Jason Sudeikis and Ed Harris develop a bittersweet portrait of an estranged father and son in Mark Raso’s “Kodachrome,” which hits Netflix on Friday after bowing at last year’s Toronto International Film Festival.
Sudeikis’ trademark deadpan and salty dog Harris make for plenty of laughs in the dramedy, but some sneaky last minute redemption in Johathan Tropper’s script elevates this kind of standard festival fare.
At TIFF last September, TheWrap spotted more than few men choking back tears and sniffling into their blazers.
Sudeikis plays Matt, a stagnant indie music executive who has just lost another edgy rock client. Matt believes in the artist as a visionary, to quote Sudeikis’ character directly, in a music landscape filled with EDM and the white noise of social media.
It’s a belief system that fails him, and just as he learns of his imminent firing a nurse (Elizabeth Olsen) to his sick father turns up on his doorstep.
Harris plays a famous photographer with a terminal disease, and has requested his son pilot a road trip to Kansas, where he might develop decades-old photos at the last storefront in America to process Kodachrome film. Matt agrees, because Dad’s connections might help him save his career, but the acid flies the moment the men are reunited and pumps consistently throughout the trip.
“What have you done with your life?” father asks son after barely more than a handshake. Son gleefully responds that the only people left in dad’s life are employees, and soon enough he’ll deservedly die alone.
Olsen becomes inevitable romantic fodder for Sudeikis, though she has an interesting (if not under-explored) backstory as a self-saboteur divorcee. This is the Sudeikis-Harris show, and it really works.
When the foul-mouthed photographer succumbs to his illness, he mourns the loss of all the love he had for his once-infant son.
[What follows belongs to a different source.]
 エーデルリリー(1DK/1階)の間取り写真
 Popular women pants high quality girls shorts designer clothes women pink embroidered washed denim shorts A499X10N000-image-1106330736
Feeding Matt from a bottle in the middle of the night was the happiest he had ever been, he says, as he wonders aloud what broke inside of him and led him from that place. Cue waterworks.
It should be said that the film does not fetishize the dusty tech of years past, as the premise might suggest. There are plenty of relics like cassette tapes, beat-up Cabirolets, record players and of course Kodak cameras amnd film. None of the equipment is played up for cheap nostalgia.
If anything, that works in movie’s favor. There’s a moment when Sudeikis has to load a camera, and he recites a poem his dad taught him as a child to make sure the film catches and locks into place. It’s almost as tear-jerky as the hospital bed confessions.